Battles over estates can exacerbate tensions among siblings and tear families apart. But there are ways to significantly lessen the chances that your heirs will battle one another.
Doing the right kind of advance planning can help avoid conflict. That includes consulting with your heirs or getting your property appraised to ensure that the items you bequeath are appropriately valued. Also, make sure you choose your executor wisely.
Accenture, ACN -2.07% a global consulting firm based in Dublin, Ireland, estimates that some $30 trillion of wealth is going to be passed from older generations to younger generations over the next three to four decades. That shift will create ample opportunity for estate fights among the wealthy as well as the merely affluent.
Roughly 70% of families lose a chunk of their inherited wealth, mostly due to estate battles, according to research conducted over two decades by the Williams Group, a San Clemente, Calif., firm that helps families avoid such conflicts.
The fights aren't always about the money, either. "You can have a multimillion-dollar estate, and too often the children are fighting over the $2,000 watch," says Bernard Krooks, an estate lawyer at Littman Krooks in New York.
He says it isn't uncommon for people to spend more money on legal fees battling siblings or other family members than they stand to inherit.
Mr. Darling spent his share of his grandmother's estate on hiring a lawyer and deposing family members he suspected of unduly influencing his grandmother. "It really wasn't about what I was going to get," he says. "I was looking for the truth."
Here are some pointers for families to consider when devising an estate plan.
Beyond Dollars and Cents
Estate planners and other experts advise clients to think at least as much about the nonfinancial aspects of dividing their property among children and other heirs as they do about minimizing taxes.

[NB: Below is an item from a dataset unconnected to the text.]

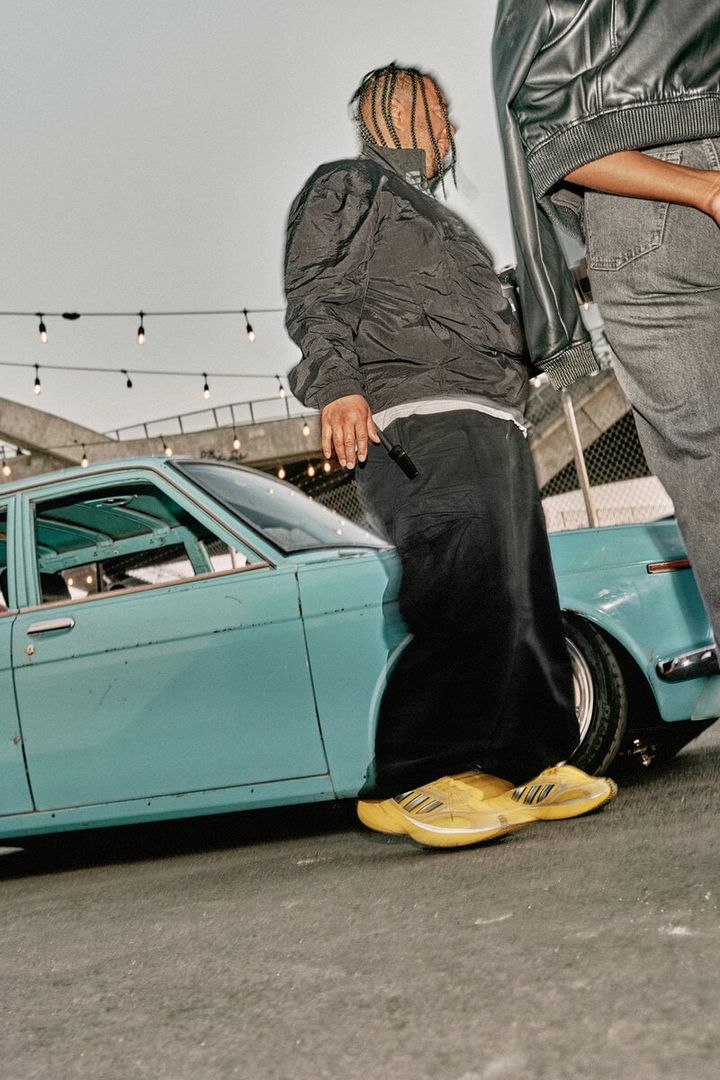 日本語の「豪華」にちなむ「GOUKANA」という名前を新作シューズに付けたのは、ADIZEROシリーズに脈打つ日本の貢献へのオマージュ。特に、アディダスで初代ADIZEROの開発に携わった日本の伝説的シューズ・クリエイター、大森敏明氏をたたえている。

"Don't assume that fair means equal," says Marlene Stum, a professor of family social science at the University of Minnesota in St. Paul and author of a book about the family dynamics of inheritance, "Who Gets Grandma's Yellow Pie Plate?" "When it comes to property and possessions, it's almost impossible to be equal," she says.
A good place to start is deciding on what "fair" means within the context of your family.
A parent might decide to leave a larger inheritance to an adult child who struggles financially and less money to a child who has struck it rich on her own. A sick or disabled child might need to inherit cash for long-term care but wouldn't find much use out of a family vacation home.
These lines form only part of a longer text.